As smoothly as a finger pulls a trigger and a bullet thrusts from a barrel –
seemingly effortlessly, without thought, but in truth after years and years of
training – he took Deng’s life. His service in the name of the public good led
him to this moment. I wonder if he was able to look Deng in the eye. What would
he have seen if he had? Was Nathan Blanford confused, afraid?
I am a middle-class, cisgender, straight, white woman who is native-born
to this country and has no significant mental or physical illnesses. I recall times
I acted in self-defense; sometimes, I in fact acted on assumptions about what,
or who, was coming toward me. Foreign and unfamiliar people or circumstances have
confronted my security of identity. They have disturbed my knowledge of my
place as “right.” I have been humbled to learn that justification is not
justice. By receiving mercy for my ignorance, I have been better able to bestow
it.
Each time I stand on corners like 4th & Oak, I discover
again the unending work of deconstructing the internal highway that traps me in
a one-way ride to isolation. Each time I cross the street and look at life from
another perspective, the revelation chips away at the corrupt foundation of
unjust systems that keep me separate from my fellow Louisvillians. The rubble
of my individual highways and byways has become the material for restoring my
life and community. Each connection is an opportunity to explore how, together,
we might walk in a new direction. As relationships form, a neighborhood is
built.
Saturday, each of us stood on that corner. As citizens of
Louisville, we find ourselves at a complicated crossroads of compassion. Blame
and excuse are ugly cement on divisive walls. Lack of opportunities to
facilitate cultural sensitivity, practice peacemaking, and examine our language
are unmapped territories of common ground. Dismissing people who challenge us dishonors
all potential servants of the public good. Posing dissimilarity as a threat
puts a gun to all of our hearts. For the privileged, ignoring the imperative to
name our advantage and lend it to amending broken systems is a death sentence…to
us all. Refusing to mourn our lost brothers, both of them, is to forget that we
can find unity in common suffering.
Every day, real life happens at the intersection of our lives with others'. We can choose our route.
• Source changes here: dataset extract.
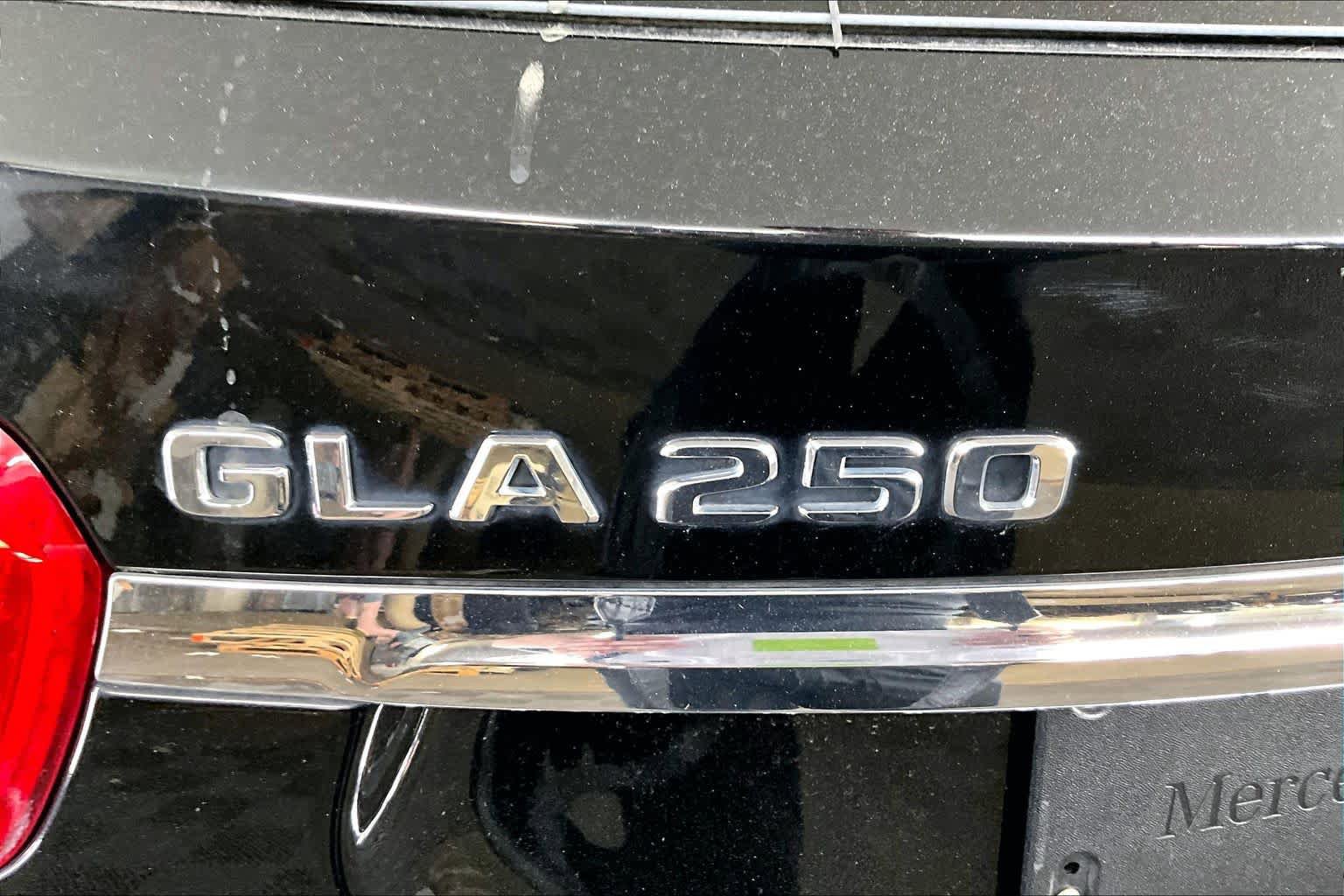 Used 2019 Mercedes-Benz GLA 250 4MATIC image 10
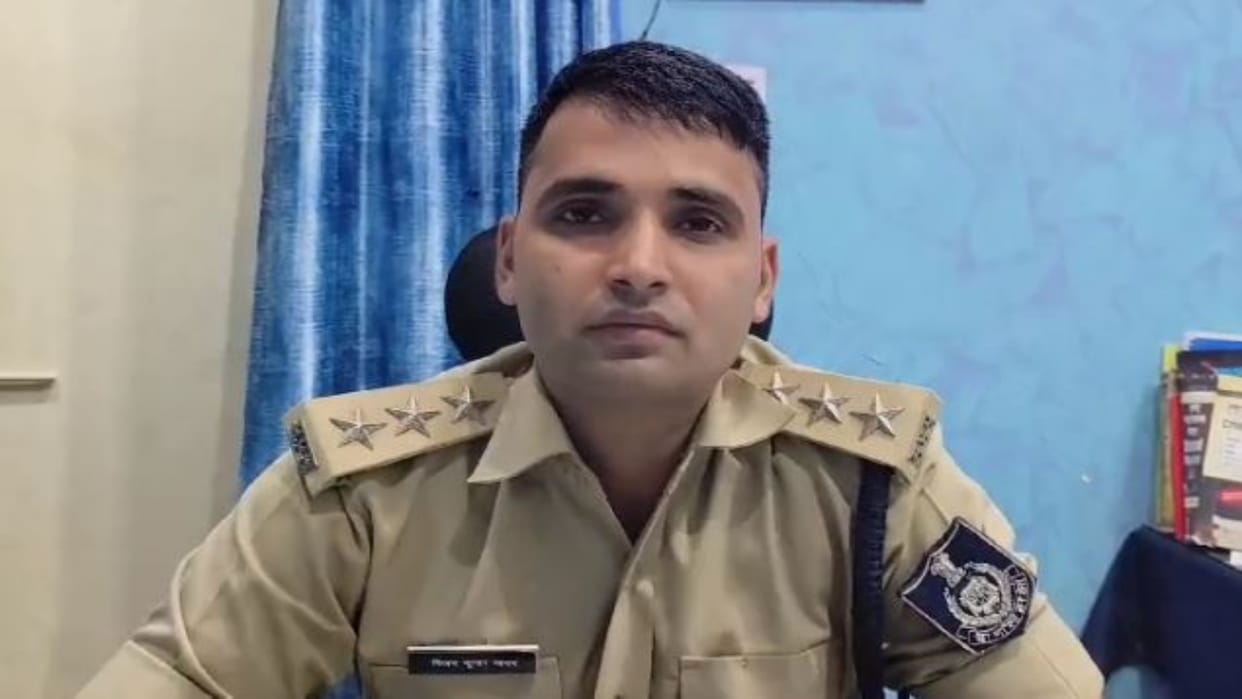 Shivpuri Crime Widow woman gang-raped by putting a gun on her son temple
Louisville’s citizens can look their neighbors
in the eye, put down defenses, and extend hands. We can take a trip to the
other side of town. We can listen deeply, dialogue, ask difficult questions, and
be patient with one another. We can restructure our hearts to create a
nonviolent neighborhood where all are protected. We can imagine support
networks for our most vulnerable citizens so they are not a threat to wellbeing.
We can revolutionize our training of public servants to facilitate nonviolence.
We can create a truly compassionate city by standing together.
Let’s start by coming to the crossing and meeting one another.